The latest U.S. Drought Monitor report shows that conditions worsened in two California counties in the midst of a fourth year of drought.
The report released Thursday, June 11, shows the moisture from the remnants of Pacific Hurricane Andres "triggered showers and thunderstorms in the Four Corners region ... and with much of the region experiencing an unseasonably cool May and wet spring, some impacts have been observed."
Those "visible impacts" meant a decrease in drought for "northeastern Arizona, southeastern Utah, southwestern Colorado, northwestern Utah, northeastern Nevada and south-central Idaho, and a small area of west-central Nevada."

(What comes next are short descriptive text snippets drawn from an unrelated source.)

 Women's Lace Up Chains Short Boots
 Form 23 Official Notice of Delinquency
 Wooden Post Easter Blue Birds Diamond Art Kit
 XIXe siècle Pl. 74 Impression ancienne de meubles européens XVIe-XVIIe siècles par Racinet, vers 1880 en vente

The report said the recent rains and cool weather have improved "pastures and range ratings into good to excellent categories on June 7," which included California (35 percent) and Nevada (50 percent), according to the USDA.
But, while many other western states saw improvement in the drought over the past week, California did not, due to another week of unseasonably warm and dry weather.

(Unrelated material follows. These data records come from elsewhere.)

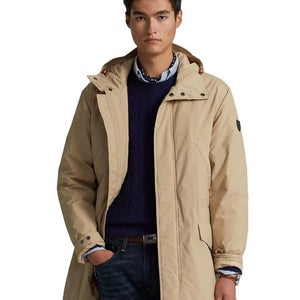 Polo Ralph Lauren Marsh Coat Mens Coastal Beige Packable Hooded Full Zip KLSS101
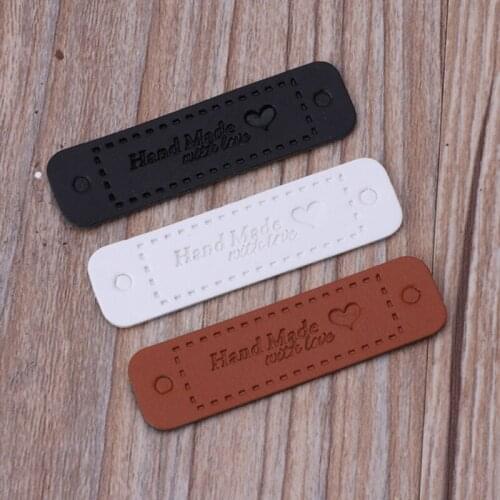 20Pcs Handmade Leather Label Pu Leather Hand Made Diy Handmade Hat Bag Cloth Decoration Label 5X1.5Cm Shoes Diy Sewing Supplies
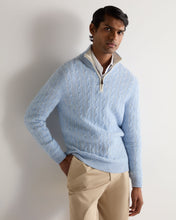 Load image into Gallery viewer, N.Peal Men's Two Tone Cable Half Zip Cashmere Jumper Cornflower Blue
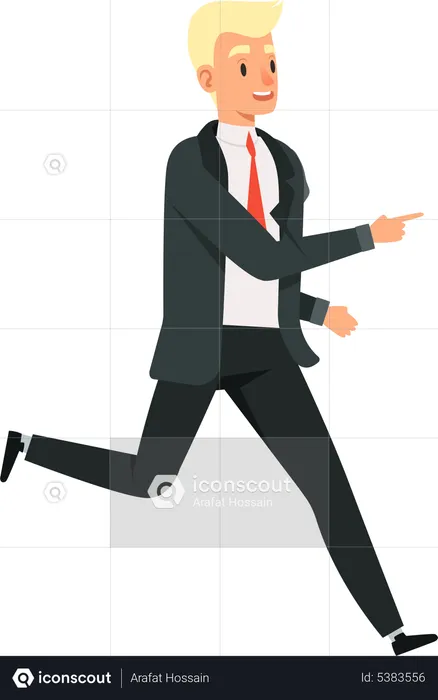 Business person getting late for office  Illustration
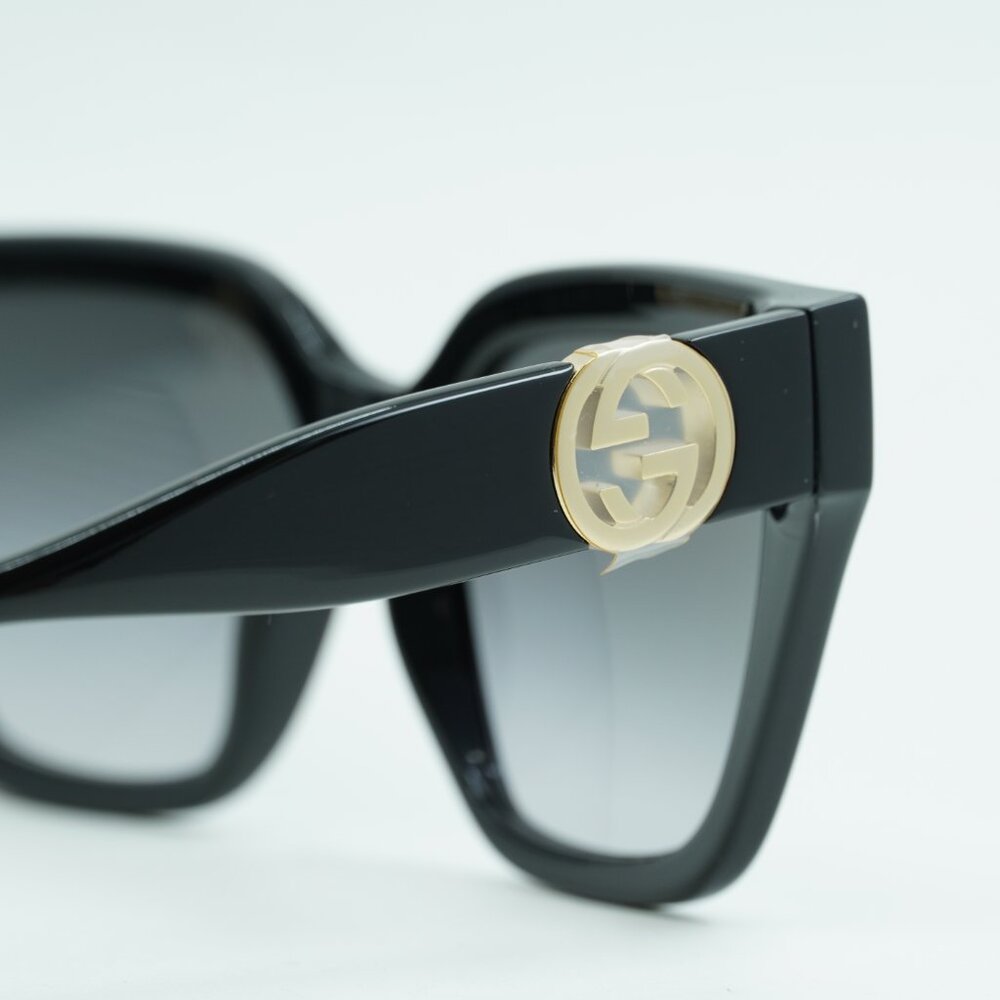 Gucci GG1023S 008 Sunglasses Black Cat Eye Frame, Grey Gradient Lenses - Picture 8 of 11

The warm, dry weather, "in addition to a dry spring (and dry and warm winter), has lowered USGS monitored 28-day averaged coastal streams to near- and record lows in California's Humboldt and Mendocino Counties - that count on spring rains for flow - from D2 [Severe Drought] to D3 [Extreme Drought]."
The Drought Monitor categories range from Abnormally Dry to Exceptional Drought. Extreme and Exceptional are the highest levels on the Monitor’s intensity scale.
The report is a look back at the previous week and does not include potential impacts to the drought that any moisture from former Pacific Hurricane Blanca might have brought to California on June 9 and June 10.